## [Given records]
────
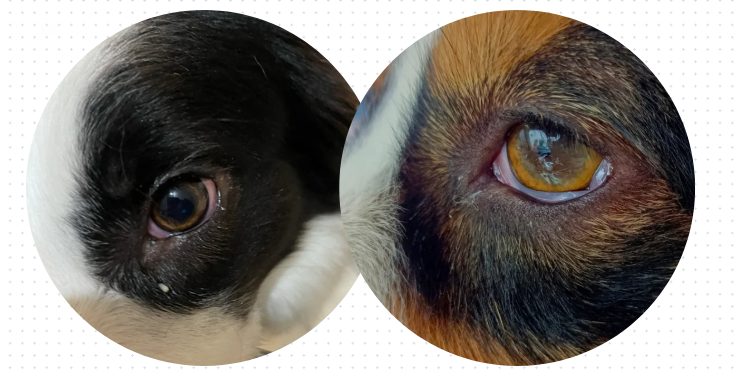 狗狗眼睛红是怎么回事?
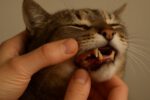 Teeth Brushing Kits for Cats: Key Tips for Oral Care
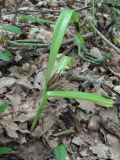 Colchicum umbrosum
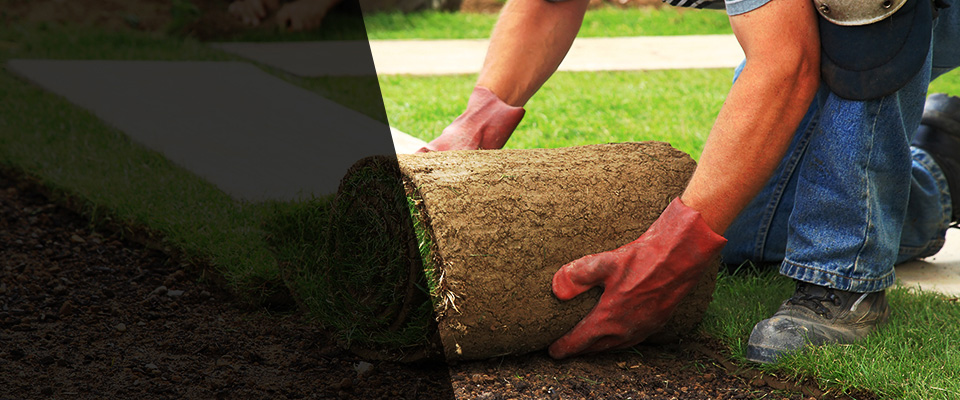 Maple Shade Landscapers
────
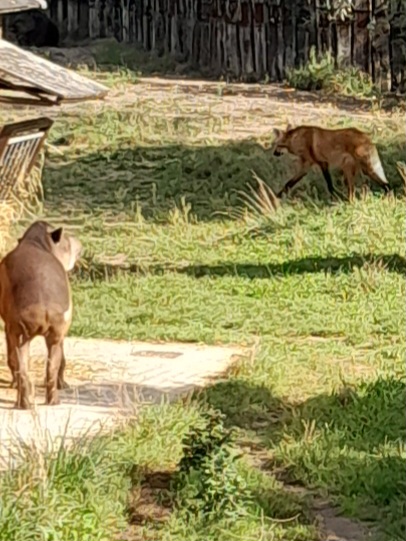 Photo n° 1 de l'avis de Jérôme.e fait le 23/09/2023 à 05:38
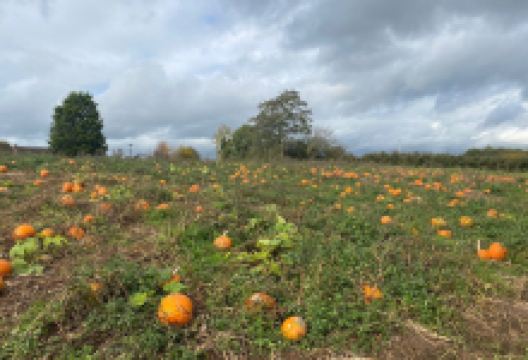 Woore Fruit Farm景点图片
────
## [Task directions]
Your answer should consist of the lines above between those holding "Photo n° 1 de" and "Woore Fruit Farm景点图片", inclusive, reproduced word for word and without pictures.

## [Solution for this task]
 Photo n° 1 de l'avis de Jérôme.e fait le 23/09/2023 à 05:38
 Woore Fruit Farm景点图片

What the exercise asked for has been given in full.